Nothing may be left out of the listing below but its images; repeat the rest exactly.

__Provided material__:
►

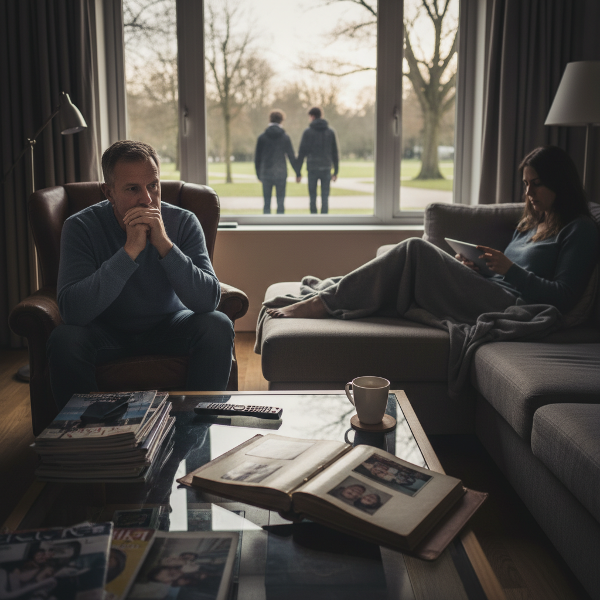 تصویری از یک مرد ۴۶ ساله که در اتاق نشیمن به فکر فرو رفته، در حالی که همسرش نزدیک است اما فاصله عاطفی حس می‌شود، نمادی از روزمرگی و نیاز به بازسازی صمیمیت، با نشانه‌هایی از امید مانند یک آلبوم عکس مشترک یا زوجی در پارک که از پنجره دیده می‌شود.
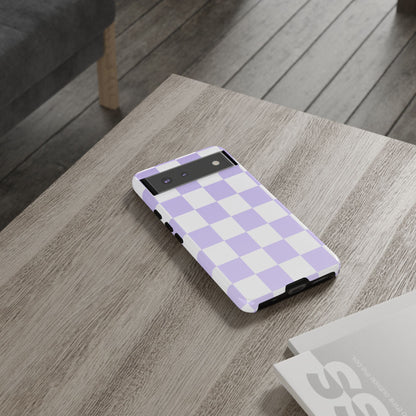 Lavender Checkerboard Phone Case | Pastel Aesthetic Checkered iPhone & Samsung Tough Case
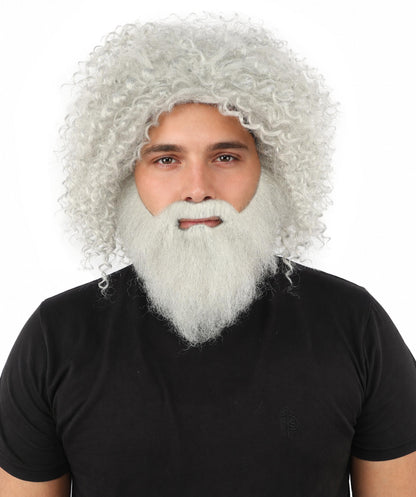 HPO Men's Wild Caveman Orange Wig Beard & Mustache Set | Massive Frizzy Orange Afro and Full Beard Set with Messy Texture | Prehistoric Costume, Viking Cosplay, Halloween, and Funny Party Props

◄

__Solution__:
 تصویری از یک مرد ۴۶ ساله که در اتاق نشیمن به فکر فرو رفته، در حالی که همسرش نزدیک است اما فاصله عاطفی حس می‌شود، نمادی از روزمرگی و نیاز به بازسازی صمیمیت، با نشانه‌هایی از امید مانند یک آلبوم عکس مشترک یا زوجی در پارک که از پنجره دیده می‌شود.
 Lavender Checkerboard Phone Case | Pastel Aesthetic Checkered iPhone & Samsung Tough Case
 HPO Men's Wild Caveman Orange Wig Beard & Mustache Set | Massive Frizzy Orange Afro and Full Beard Set with Messy Texture | Prehistoric Costume, Viking Cosplay, Halloween, and Funny Party Props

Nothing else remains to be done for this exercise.